§ DATA BELOW

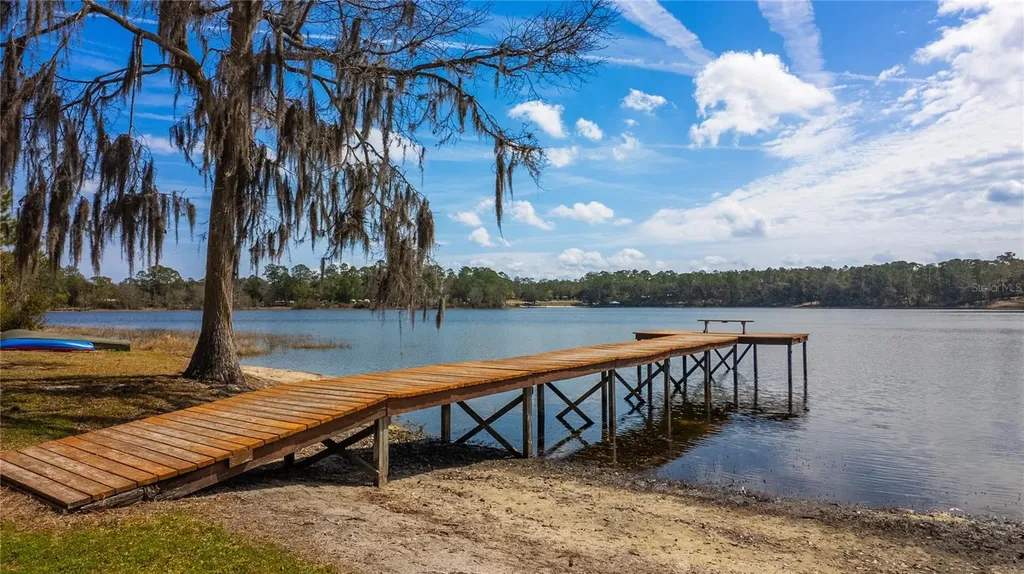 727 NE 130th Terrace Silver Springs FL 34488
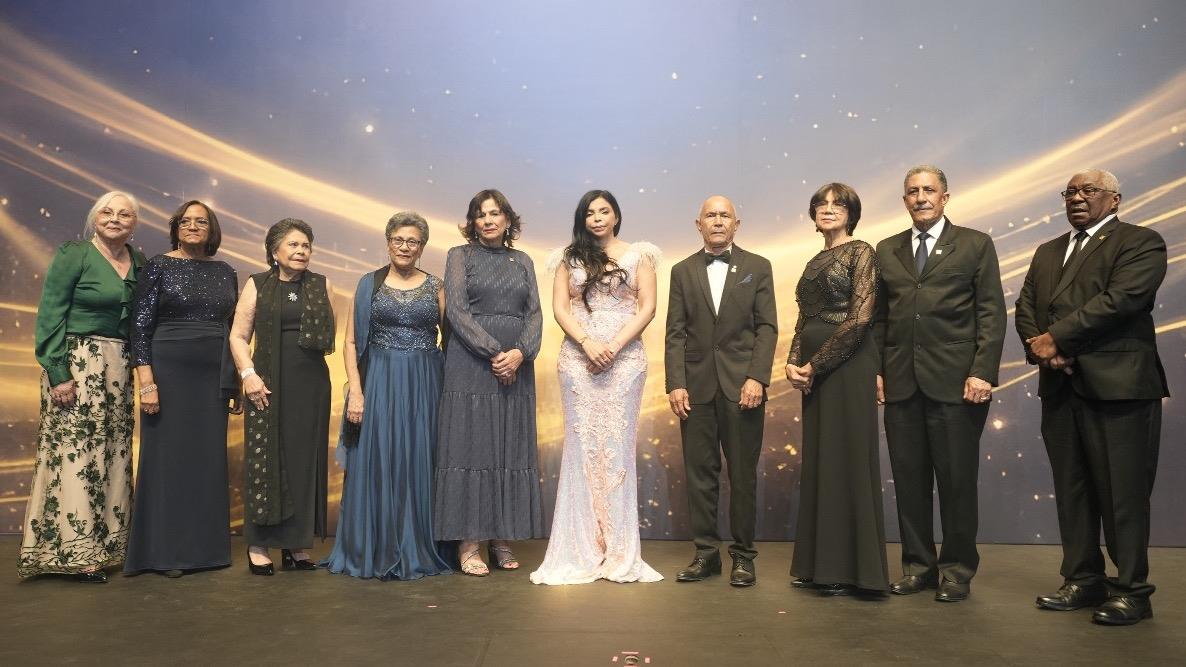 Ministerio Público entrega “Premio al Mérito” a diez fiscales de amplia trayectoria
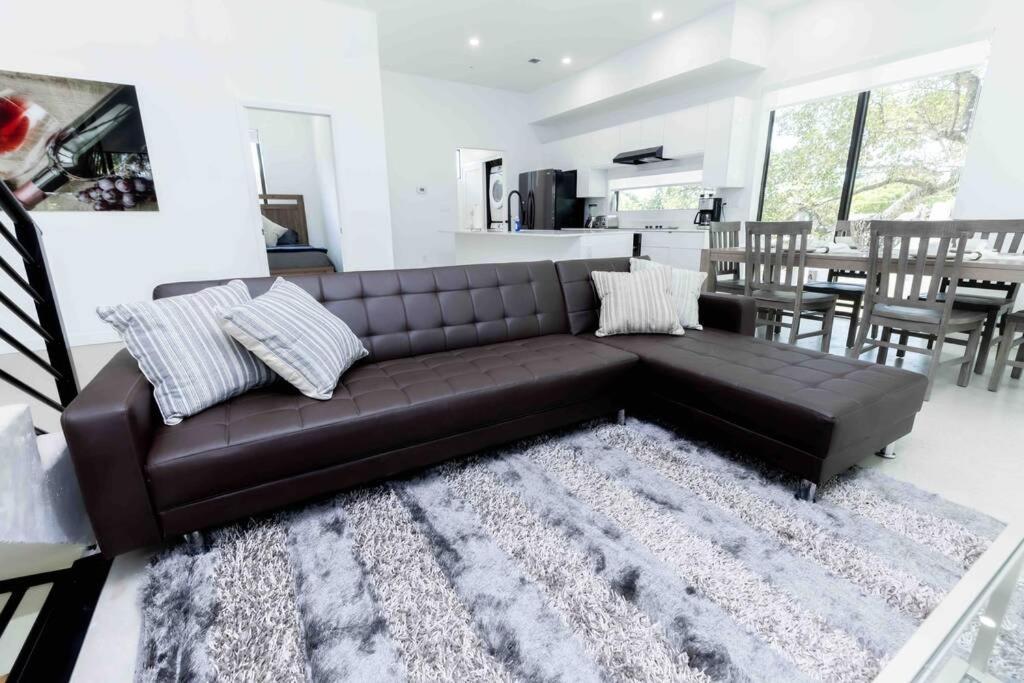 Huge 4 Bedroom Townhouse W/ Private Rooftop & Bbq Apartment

§ YOUR OBJECTIVE
The span to retype runs from the line containing "Ministerio Público entrega" through the last line of the listing above, both ends included; copy it exactly, without pictures.

§ ANSWER SECTION
 Ministerio Público entrega “Premio al Mérito” a diez fiscales de amplia trayectoria
 Huge 4 Bedroom Townhouse W/ Private Rooftop & Bbq Apartment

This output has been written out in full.